Une troisième mesure, le World Happiness Report, repose sur une tout autre approche, soit l’évaluation subjective du bonheur à travers un sondage international dans lequel on demande aux répondants d’évaluer leur vie, sur une échelle de 0 à 10. Au moment de la création de cette mesure, en 2012, le Canada était au 2e rang, tout juste derrière le Danemark.

Et qu’en est-il maintenant? Le Canada a amorcé une lente descente : 7e pour 2015-2017, 11e pour 2017-2019, et 15e pour 2019-2021 ainsi que pour 2021-2023. Le rapport réussit à attribuer une partie du niveau de bonheur à des facteurs explicatifs; en premier lieu le PIB par habitant, mais aussi le soutien social, l’espérance de vie en santé et, dans une moindre mesure, la liberté de faire des choix, la générosité ainsi que la perception de la présence de corruption. Par ailleurs, la dernière édition décompose le niveau de bonheur par tranche d’âge; on découvre alors que le Canada se classe au 58e rang chez les moins de 30 ans, mais au 8e rang du côté des 60 ans et plus.

Comme des données comparables sont colligées par Statistique Canada pour les provinces canadiennes, il est possible de voir où se situerait le Québec – dont le niveau de bonheur est supérieur à celui du Canada – dans un tel palmarès. En 2012, il aurait été au sommet, ex æquo avec le Danemark. Pour la période 2021-2023, il serait au 6e rang.

Les facteurs économiques contribuent en partie à ces résultats : directement, en affectant le score du Canada; et indirectement, en affectant les éléments qui contribuent au bien-être, le sentiment de sécurité ou encore le bonheur. Comme l’a très bien documenté le Centre sur la productivité et la prospérité, la performance du Canada en ce qui a trait au niveau de vie suit la même pente descendante : 5e sur une sélection de 19 pays de l’OCDE en 1981, et 13e en 2022. Dans ce cas précis, le Québec fait moins bien que le Canada, étant passé du 14e rang au 16e.

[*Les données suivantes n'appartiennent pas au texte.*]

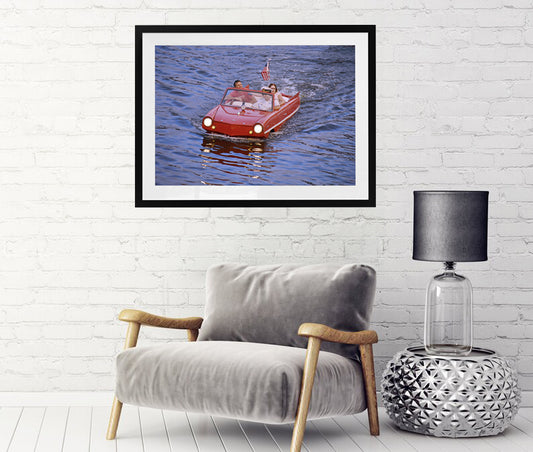 Hydro Drive Amphicar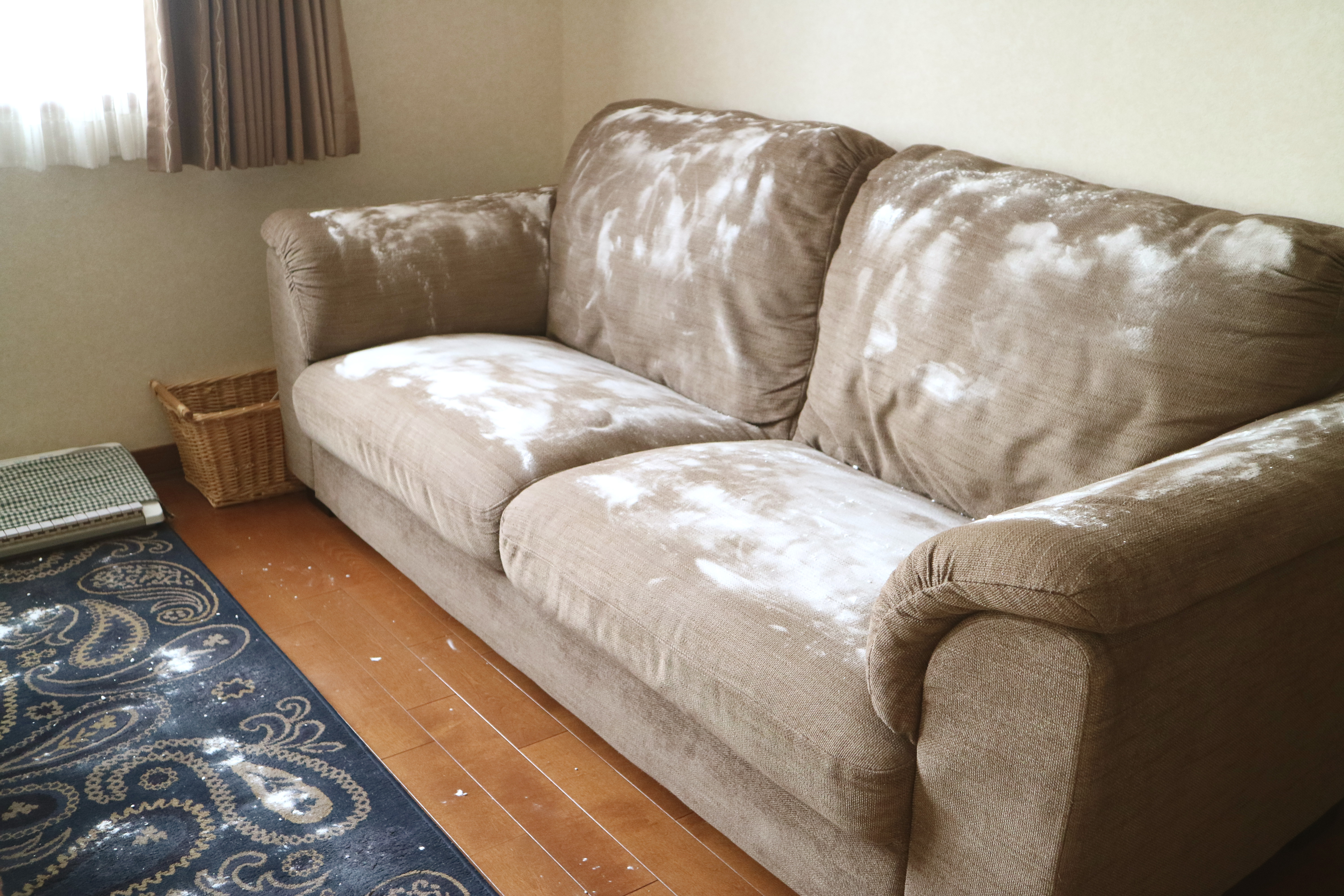 【活用術３】布物のドライクリーニングに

Et qu’y a-t-il derrière cette érosion du niveau de vie du Canada et du Québec? La productivité! Cela nous permet de boucler la boucle. La croissance de la productivité du Québec a été à l’avant-dernier rang du groupe de comparaison – juste devant l’Italie –, et celle du Canada, à peine deux rangs devant.

Ces données illustrent l’interaction qu’il peut y avoir entre les enjeux économiques et les enjeux sociaux. Les pays qui devancent le Canada – et le Québec – dans ces comparaisons jouissent en général d’un niveau de vie supérieur au nôtre, mais sont aussi des pays qui ont des filets de sécurité plus solides, et qui disposent de ressources additionnelles pour les déployer.

Ces indicateurs, malgré les limites de ces exercices de mesure, sont assez convaincants pour nous mener à la conclusion que le Canada traverse une période de lent et modeste déclin social et économique. Ça devrait nous préoccuper.